Venons à notre démonstration ; elle ne sera pas longue.

Jacques Bonhomme avait deux francs qu’il faisait gagner à deux ouvriers.

Mais voici qu’il imagine un arrangement de cordes et de poids qui abrège le travail de moitié.

Donc il obtient la même satisfaction, épargne un franc et congédie un ouvrier.

Il congédie un ouvrier ; c’est ce qu’on voit.

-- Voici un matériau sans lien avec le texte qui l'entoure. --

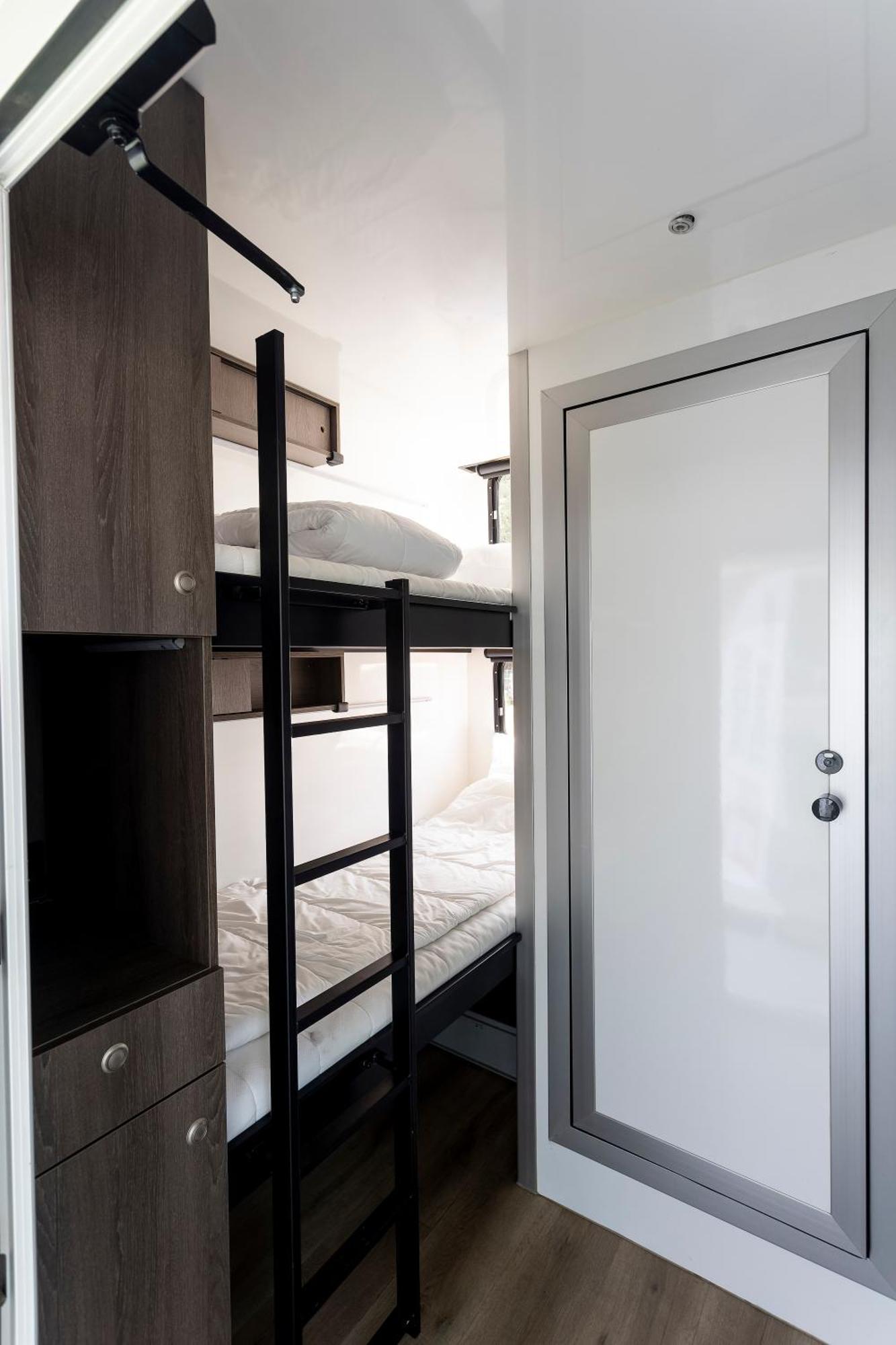 Racingtours Racecamp - Spielberg Hotel Spielberg Bei Knittelfeld Phòng bức ảnh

Et, ne voyant que cela, on dit : « Voilà comment la misère suit la civilisation, voilà comment la liberté est fatale à l’égalité. L’esprit humain a fait une conquête, et aussitôt un ouvrier est à jamais tombé dans le gouffre du paupérisme. Il se peut cependant que Jacques Bonhomme continue à faire travailler les deux ouvriers, mais il ne leur donnera plus que dix sous à chacun, car ils se feront concurrence entre eux et s’offriront au rabais. C’est ainsi que les riches deviennent toujours plus riches et les pauvres toujours plus pauvres. Il faut refaire la société. »

Belle conclusion, et digne de l’exorde !

Heureusement, exorde et conclusion, tout cela est faux, parce que, derrière la moitié du phénomène qu’on voit, il y a l’autre moitié qu’on ne voit pas.

On ne voit pas le franc épargné par Jacques Bonhomme et les effets nécessaires de cette épargne.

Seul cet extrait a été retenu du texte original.